The problem:
With the pictures omitted, repeat exactly the lines below starting with the line that has "Native American Women" and going on through the line that has "Man in blue".

Data records:
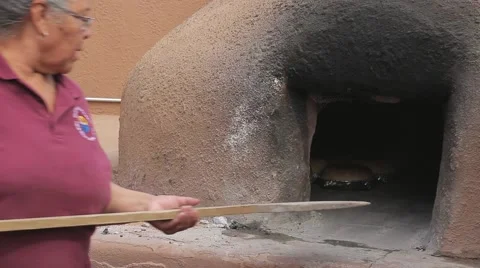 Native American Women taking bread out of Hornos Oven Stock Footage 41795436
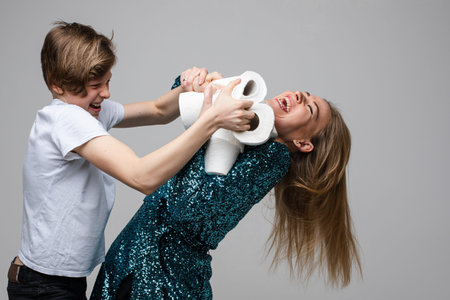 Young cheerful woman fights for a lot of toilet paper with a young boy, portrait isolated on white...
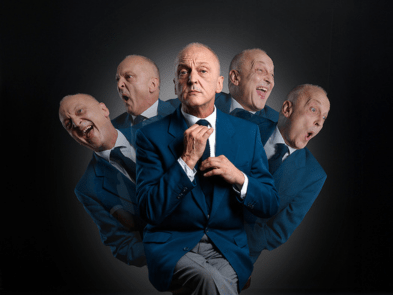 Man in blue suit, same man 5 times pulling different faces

...

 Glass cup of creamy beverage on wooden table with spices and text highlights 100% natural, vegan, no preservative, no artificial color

Result for this exercise:
 Native American Women taking bread out of Hornos Oven Stock Footage 41795436
 Young cheerful woman fights for a lot of toilet paper with a young boy, portrait isolated on white...
 Man in blue suit, same man 5 times pulling different faces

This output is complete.